** SUPPLIED MATERIAL **
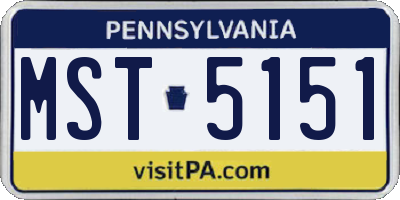 PA license plate MST5151
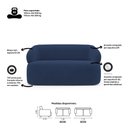 Ver imagem 5 de Kit Poltrona Giratória e Sofá Orgânico Living Glee 03 Lugares 170cm Veludo Azul Marinho Desk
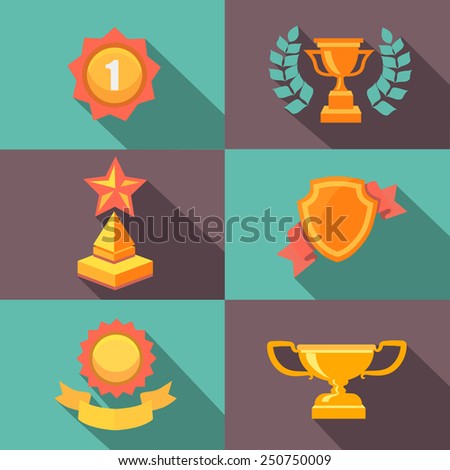 Awards and trophy icons  flat vector  illustration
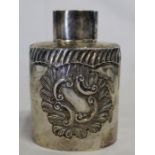 Late Victorian silver tea canister with repousse decoration, London 1894 maker W & C Sissons, weight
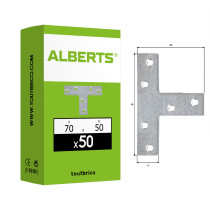 Boite 50 platines d\'assemblage en T 70 x 50 x 16 x 2mm zingué - Alberts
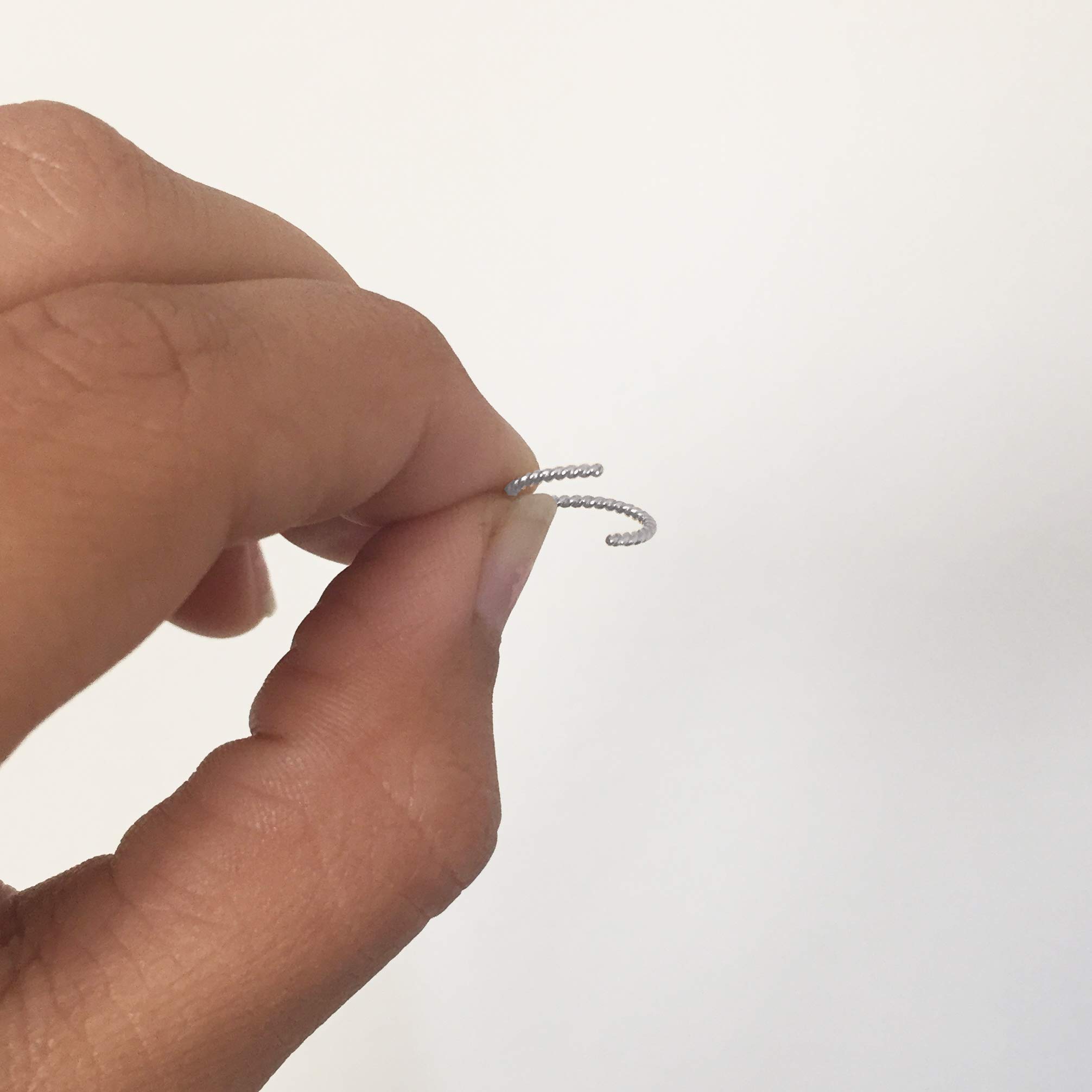 Sterling Silver 18 Gauge Twist Wire Ear Cuff - No Piercing Required - 10mm Ear Cuff Jewelry for Women - Perfect for Parties, Weddings & Everyday Wear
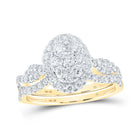 Radiant Love: 10kt Yellow Gold Diamond Cluster Bridal Wedding Ring Set product  Top View from Splendid Jewellery
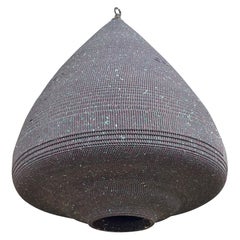 Gregory Van Pelt Attributed Beehive Corrugated Cardboard Splatter Pendant Light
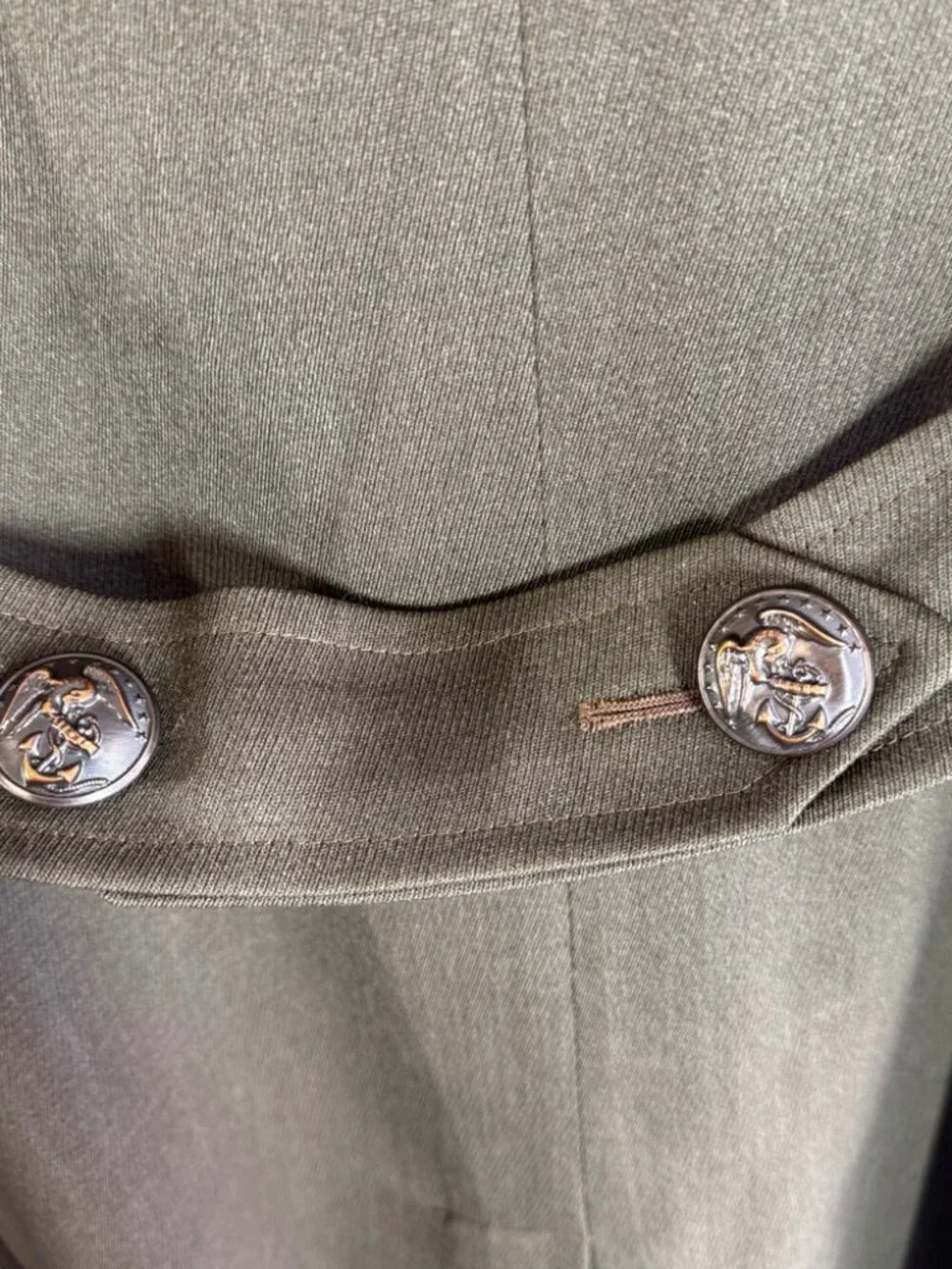 Vintage Mens 60s 70s Military Trench Olive Green Long Coat Double Breasted Wool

** WORK REQUIRED **
Leave out every picture and copy, exactly as written, the lines from the one with "Ver imagem 5" through the end of the records above.

** TASK OUTPUT **
 Ver imagem 5 de Kit Poltrona Giratória e Sofá Orgânico Living Glee 03 Lugares 170cm Veludo Azul Marinho Desk
 Awards and trophy icons  flat vector  illustration
 Late Victorian silver tea canister with repousse decoration, London 1894 maker W & C Sissons, weight
 Boite 50 platines d\'assemblage en T 70 x 50 x 16 x 2mm zingué - Alberts
 Sterling Silver 18 Gauge Twist Wire Ear Cuff - No Piercing Required - 10mm Ear Cuff Jewelry for Women - Perfect for Parties, Weddings & Everyday Wear
 Radiant Love: 10kt Yellow Gold Diamond Cluster Bridal Wedding Ring Set product  Top View from Splendid Jewellery
 Gregory Van Pelt Attributed Beehive Corrugated Cardboard Splatter Pendant Light
 Vintage Mens 60s 70s Military Trench Olive Green Long Coat Double Breasted Wool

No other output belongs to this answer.